Based on the here presented analysis at full hydration, it is now justified to focus mostly on testing the responses—to hydration levels, ion concentrations, and cholesterol content—in the top three force fields: CHARMM36, MacRog, and GAFFlipid. (In fact, some response data have already been reported in the blog. An overview of these will be presented in a separate post.) The responses of the other seven nine force fields do not need to be studied, unless of course new data is posted suggesting that further discussion might be justified.

Should any of the three promising all-atom force fields pass the response tests, we might try to use it as a basis on which to build a well-performing united atom model. If successful, this approach would fulfil the goal of our project.

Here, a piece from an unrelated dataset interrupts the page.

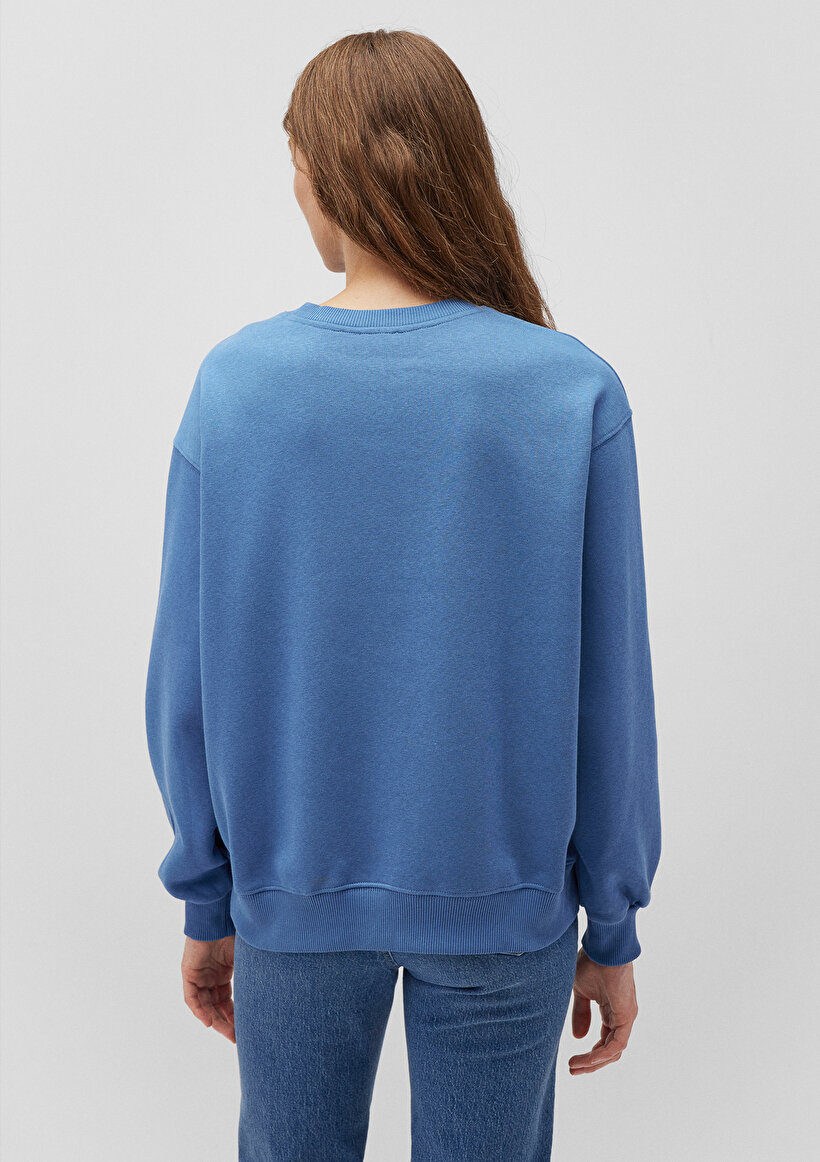 Bisiklet Yaka Mavi Basic Sweatshirt_3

Things still To Do for full hydration:
  • Calculate the order parameters in the new AmberLipid14: Work already in progress by Samuli.
  • Calculate the order parameters in the Ulmschneider force field: No work yet in progress.
  • Calculate the order parameters in the CHARMM36-UA force field: No work yet in progress.


Notes on some technical issues that came up while the results presented here were produced. These notes are probably not crucial for the goals of the nmrlipids-project, but are presented here as they might be of general interest to the project participants or to the lipid simulation community at large.

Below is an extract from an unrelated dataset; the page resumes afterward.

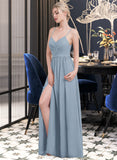 India A-Line Sweetheart Floor-Length Chiffon Bridesmaid Dress With Ruffle Split Front STAP0013008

We were not able to completely reproduce the results for GAFFlipids (area per molecule, order parameters) reported in the original publication [Dickson 2012]. We tested various approaches (different lipid types, different bond constraints, different thermostats, different hydrogen masses), but the issue remains so far unsolved. It is possibly related to differences between Gromacs and Amber simulation packages. The issue is currently on hold, however, as we are testing the new AmberLipid14 force field. Should it behave reasonably, we probably will simply use it to replace the GAFFlipids results in Figs. 1 and 2. Update on 11 Apr 2014: The headgroups (in particular g1 and g3 carbons) seem to be better described in GAFFlipids than in Lipid14 (see Fig. 1 and this plot of Samuli's simulation results). Therefore, let us try and solve the reproducibility problems with GAFFlipids and then check their response to varying conditions.

Three problems were encountered while reproducing the results of Poger et al. 2012:
  1. We could not reproduce the area per molecule reported in the publication.
  2. Contrary to what was reported in the publication, results (area per molecule and order parameters) were affected by the choice of method for calculating the electrostatic interactions: reaction field vs. PME. 
  3. The order parameters for the headgroup and glycerol carbons of different models (Poger, Kukol, Berger) reported by Poger et al (in their Table 2) differ from the results that have been obtained in the blog.
Possible partial explanations for the observations:
  1. It turned out that Gromacs versions 4.0 and 4.5 give different results for reaction field simulations. For more details see the Redmine Bug Report.
  2. While changing from reaction field to PME, Poger et al. also decreased their Lennard-Jones cut-off from 1.4 nm to 1.0 nm. This could possibly compensate for the changes we observed when switching from reaction field to PME and keeping the rest of our parameters fixed.
  3. This was not investigated further, as none of the reported order parameter sets (neither in the blog nor in the publication) were in good agreement with the experimental values. However, it is not clear to us if the Gromacs tool g_order was maybe used by Poger et al. for calculating the headgroup order parameters—this can be problematic should the hydrogens of a single carbon experience a split, i.e., give different order parameters.